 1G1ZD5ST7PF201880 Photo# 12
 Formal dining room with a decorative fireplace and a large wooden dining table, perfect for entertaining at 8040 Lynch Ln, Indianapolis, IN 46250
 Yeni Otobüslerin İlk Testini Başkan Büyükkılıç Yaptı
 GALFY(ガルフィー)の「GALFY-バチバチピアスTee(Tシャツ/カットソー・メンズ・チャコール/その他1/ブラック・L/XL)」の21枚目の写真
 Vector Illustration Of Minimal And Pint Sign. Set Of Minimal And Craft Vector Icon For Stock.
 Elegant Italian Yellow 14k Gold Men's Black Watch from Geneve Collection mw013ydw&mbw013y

==

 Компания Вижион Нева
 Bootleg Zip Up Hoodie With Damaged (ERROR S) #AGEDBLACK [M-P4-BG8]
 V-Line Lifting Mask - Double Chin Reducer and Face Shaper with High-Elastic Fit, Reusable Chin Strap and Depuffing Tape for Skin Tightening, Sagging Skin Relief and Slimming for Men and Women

- **PROBLEM STATEMENT**
From the records above, copy only the lines starting with the line that holds "Formal dining room" and going on through the line that holds "Elegant Italian Yellow", exactly as written.

- **SOLUTION FOR THIS PROBLEM**
 Formal dining room with a decorative fireplace and a large wooden dining table, perfect for entertaining at 8040 Lynch Ln, Indianapolis, IN 46250
 Yeni Otobüslerin İlk Testini Başkan Büyükkılıç Yaptı
 GALFY(ガルフィー)の「GALFY-バチバチピアスTee(Tシャツ/カットソー・メンズ・チャコール/その他1/ブラック・L/XL)」の21枚目の写真
 Vector Illustration Of Minimal And Pint Sign. Set Of Minimal And Craft Vector Icon For Stock.
 Elegant Italian Yellow 14k Gold Men's Black Watch from Geneve Collection mw013ydw&mbw013y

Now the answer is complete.